> What is being asked
Find the line that holds "Driftwood and green and blue resin pen" in the material below. Output that line and each one after it exactly, but not the pictures.

> Information supplied
· · ·

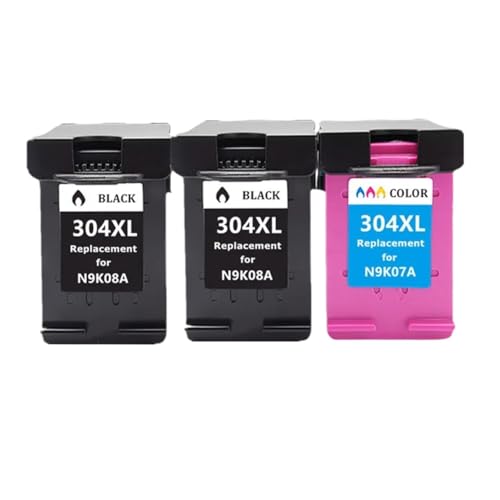 MALIMINPT Cartucho de Tinta 304XL Compatible for impresoras Deskjet 2620 All-in 3700 3720 3752 5000 5010 5030(2 BK 1 Color)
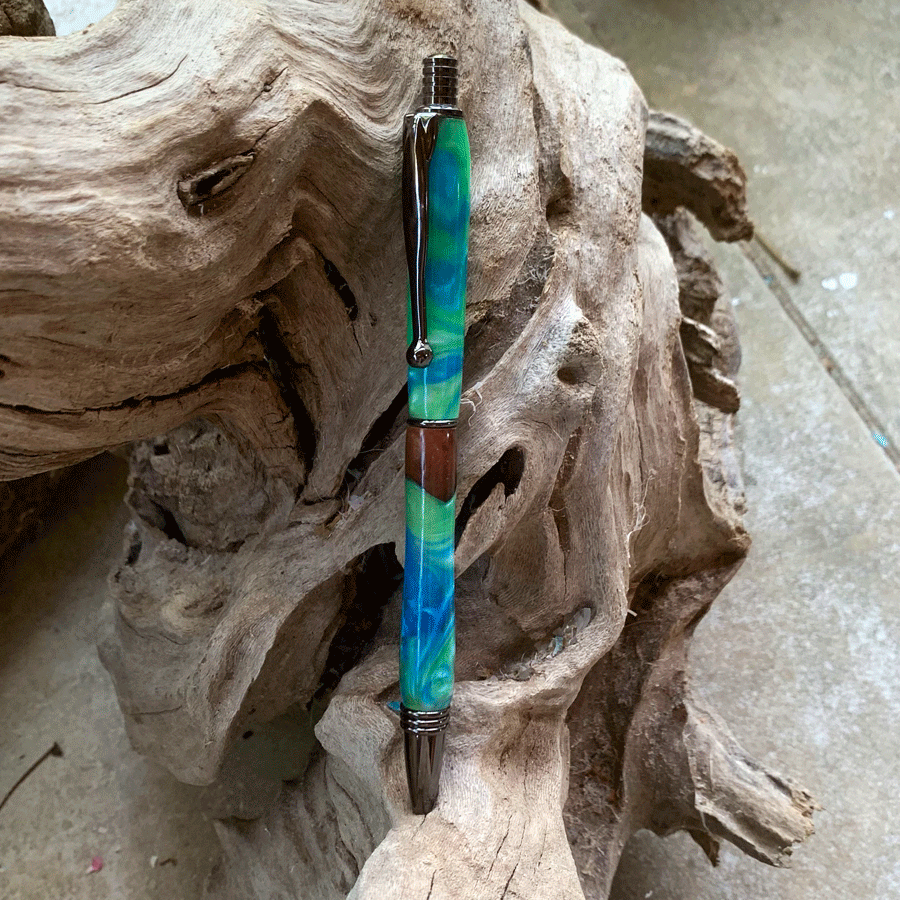 Driftwood and green and blue resin pen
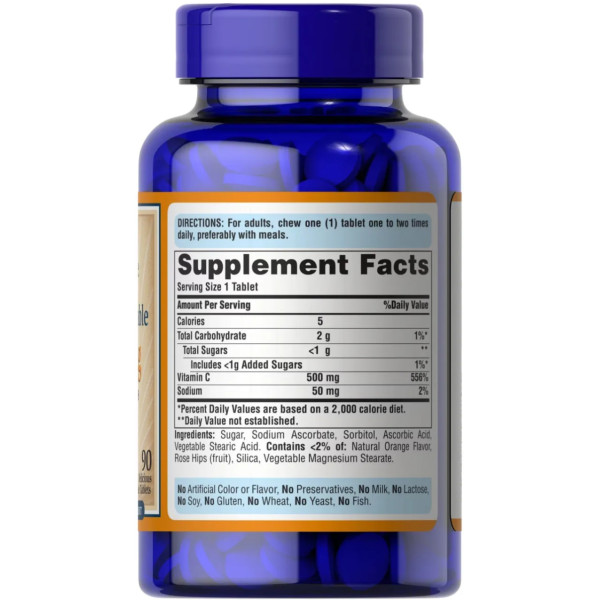 Вітамін С з шипшиною, Vitamin C, Puritan's Pride, смак апельсина, 500 мг, 90 жувальних таблеток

· · ·

> Solution to this task
 Driftwood and green and blue resin pen
 Вітамін С з шипшиною, Vitamin C, Puritan's Pride, смак апельсина, 500 мг, 90 жувальних таблеток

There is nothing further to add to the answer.